▶ PROVIDED INFORMATION
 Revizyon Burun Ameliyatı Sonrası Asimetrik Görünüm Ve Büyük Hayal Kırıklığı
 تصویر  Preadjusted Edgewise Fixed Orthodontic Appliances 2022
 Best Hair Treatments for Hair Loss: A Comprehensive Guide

==

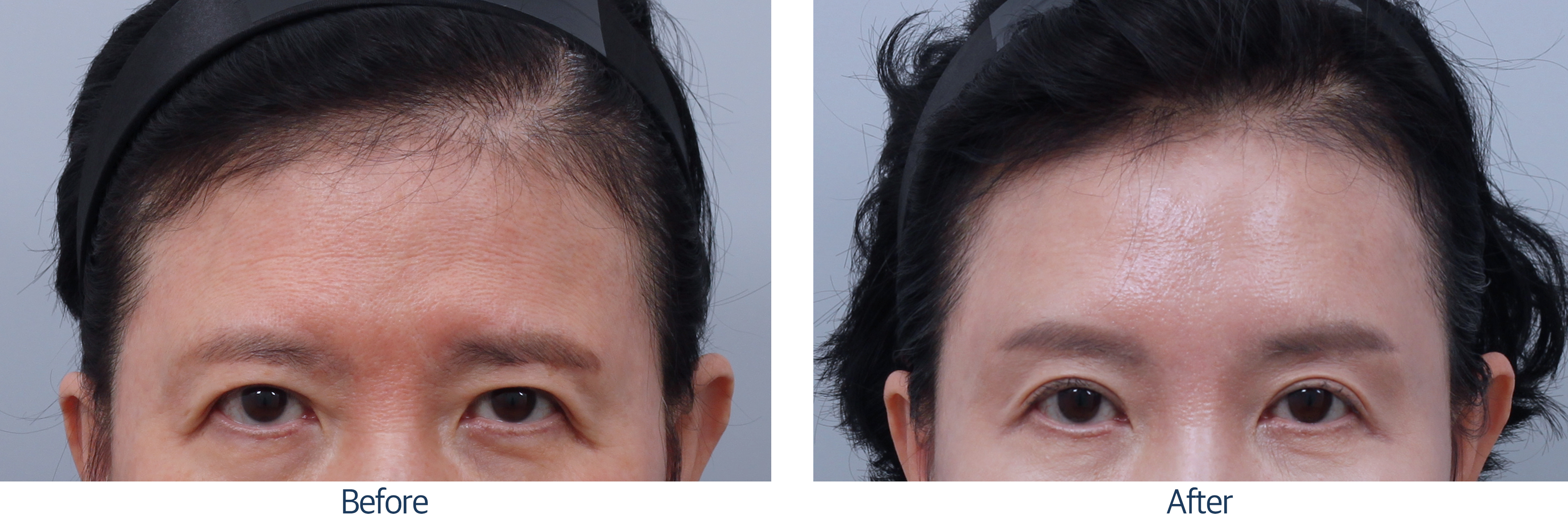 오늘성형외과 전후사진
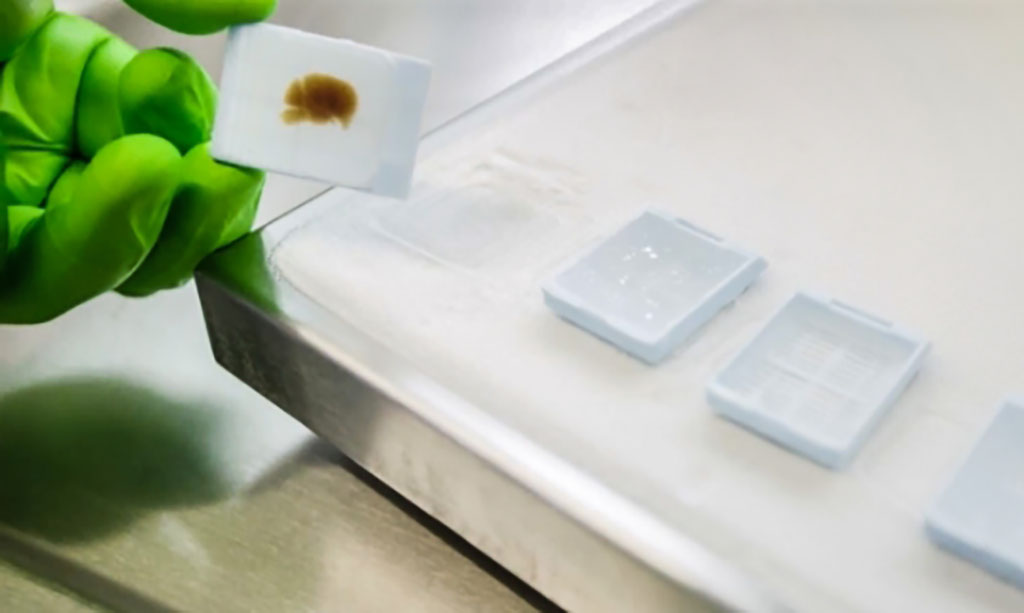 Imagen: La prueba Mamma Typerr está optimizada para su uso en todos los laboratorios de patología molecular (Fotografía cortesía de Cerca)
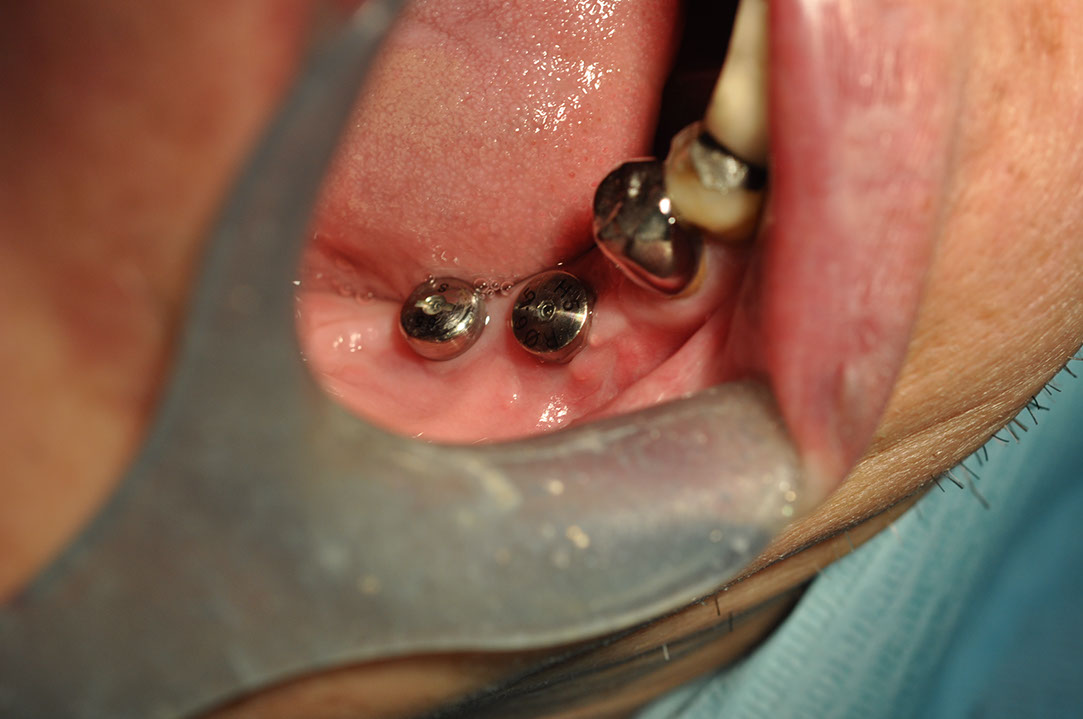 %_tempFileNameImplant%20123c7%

▶ TASK DETAILS
Extract from the records above the lines from the one containing "Revizyon Burun Ameliyatı" to the one containing "Best Hair Treatments", both lines included, exactly as they appear and with nothing else.

▶ RESULT
 Revizyon Burun Ameliyatı Sonrası Asimetrik Görünüm Ve Büyük Hayal Kırıklığı
 تصویر  Preadjusted Edgewise Fixed Orthodontic Appliances 2022
 Best Hair Treatments for Hair Loss: A Comprehensive Guide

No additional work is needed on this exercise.